Purgatory in Catholic theology is a transitional state after death in which souls who died in God's grace but are still imperfectly purified are cleansed before entering heaven. Catholic doctrine, first formally defined at the Second Council of Lyon in 1274, holds that such souls benefit from the prayers, Masses, and alms of the living. The Church teaches that purgatory indicates a condition of existence, not a physical place.
When did the Catholic Church officially define the doctrine of purgatory?
The Catholic Church formally defined its teaching on purgatory for the first time at the Second Council of Lyon in 1274. The Council of Florence (1431-1449) and the Council of Trent, in its decree of the 4th of December 1563, each repeated the same two core points: that some saved souls require purification after death, and that the prayers and pious acts of the living assist those souls.
What did Catherine of Genoa teach about purgatory?
Catherine of Genoa (1447-1510) reframed purgatory as a voluntary, loving, and joyful inner fire rather than an external punishment in a physical place. She described the soul still bound to desires derived from sin as unable to enjoy the beatific vision of God, with love for God itself becoming the flame that purifies it. Pope Benedict XVI recommended her presentation to theologians in his 2007 encyclical Spe salvi.
Do Eastern Orthodox Christians believe in purgatory?
Eastern Orthodox Christians acknowledge an intermediate state after death and hold that prayers for the dead are efficacious, but they reject the Catholic term purgatory and its associated imagery of fire and a fixed place.

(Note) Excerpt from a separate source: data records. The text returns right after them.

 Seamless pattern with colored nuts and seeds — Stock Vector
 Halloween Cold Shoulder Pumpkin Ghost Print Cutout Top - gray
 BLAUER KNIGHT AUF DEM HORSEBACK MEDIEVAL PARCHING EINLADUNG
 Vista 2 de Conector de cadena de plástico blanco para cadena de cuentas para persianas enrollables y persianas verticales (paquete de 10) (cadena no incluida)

At the Council of Florence (1431-1449), Orthodox representatives stated that cleansing after death occurs, but not by some purifying fire and particular punishments in some place. The state in which souls undergo this experience is generally referred to as Hades.
What is the origin of the word purgatory and when did it appear?

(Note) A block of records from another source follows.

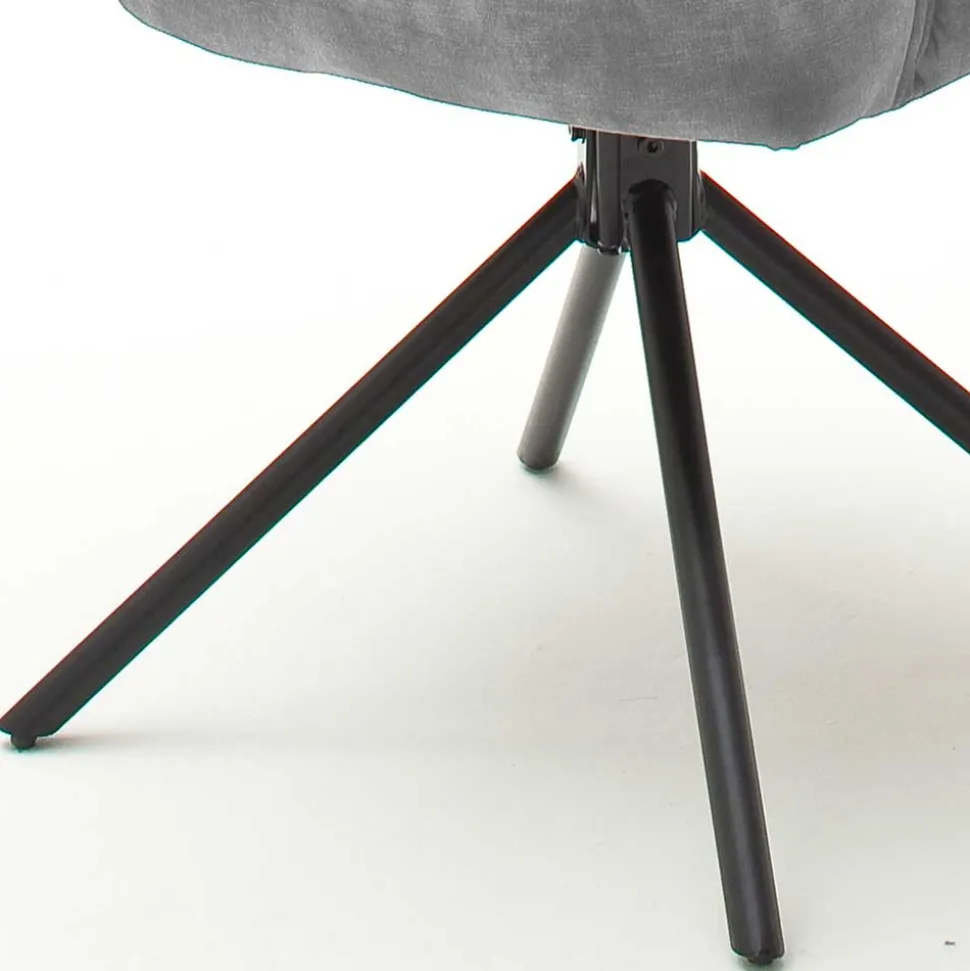 Velours Küchenstuhl mit Armlehnen - Jeremy (2er Set)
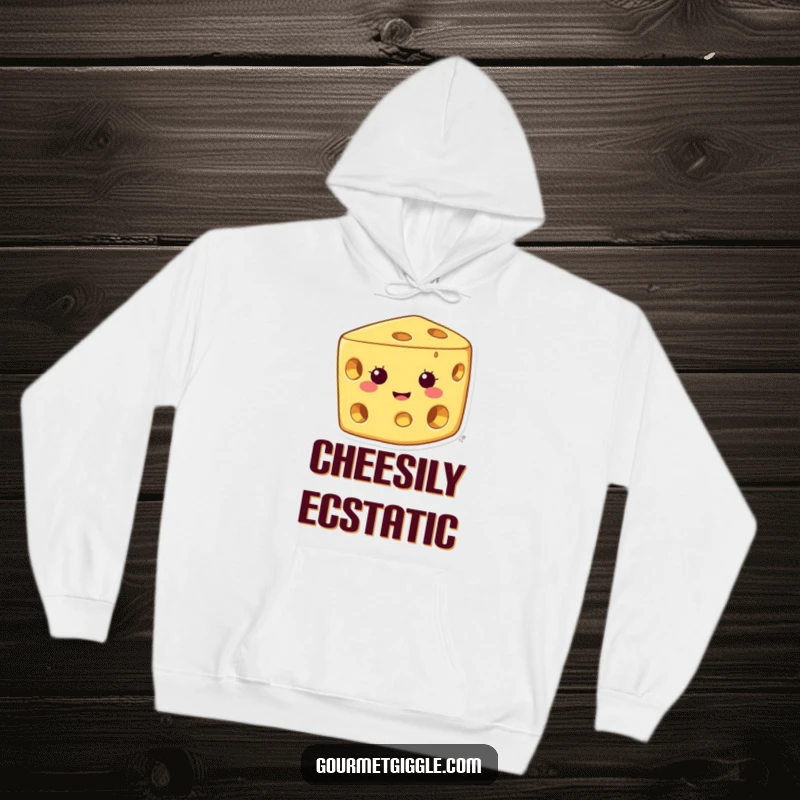 Funny cheese hoodie featuring a happy character with a wide grin and holes, offering warmth and cheesy humor.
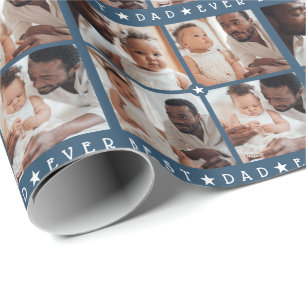 Papel De Presente Personalizado Moderno Quadrado de 4 Fotos 'Melhor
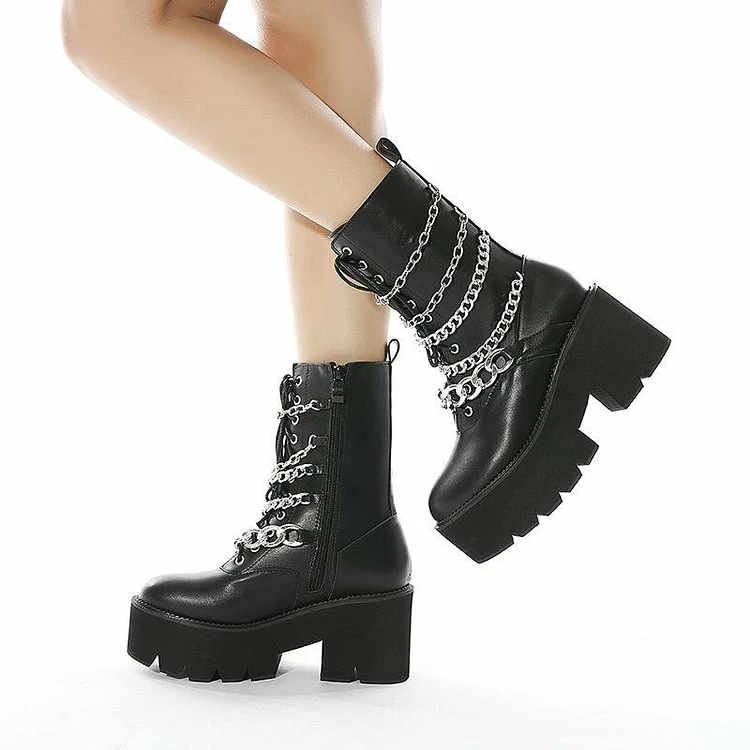 Metal Chain Platform Chunky Boots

The word purgatory comes from the Latin purgatorium, meaning a place of cleansing, from the verb purgo, to clean. It entered English via Anglo-Norman and Old French. The noun purgatorium appeared perhaps only between 1160 and 1180, giving rise to speaking of purgatory as a place rather than merely a process; before that, only the adjective form purgatorius, as in purgatorius ignis (cleansing fire), existed.
How does Judaism's concept of Gehenna relate to purgatory?

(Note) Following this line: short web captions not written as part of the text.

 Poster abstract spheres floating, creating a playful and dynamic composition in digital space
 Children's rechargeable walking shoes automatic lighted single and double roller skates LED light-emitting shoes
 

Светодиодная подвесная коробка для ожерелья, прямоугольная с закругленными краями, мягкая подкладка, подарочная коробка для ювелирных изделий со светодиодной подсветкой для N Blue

Gehenna in Judaism functions similarly to purgatory as a place of after-death purification for most sinners. The school of R. Akiba held that the period lasts twelve months, while R. Johanan b. Nuri argued for forty-nine days, each based on different readings of Isaiah 66:23-24. Maimonides, however, declared that the descriptions of Gehenna as a place of punishment were pedagogically motivated inventions to encourage respect of Torah commandments, and that the souls of the wicked would actually be annihilated rather than sent to Gehenna.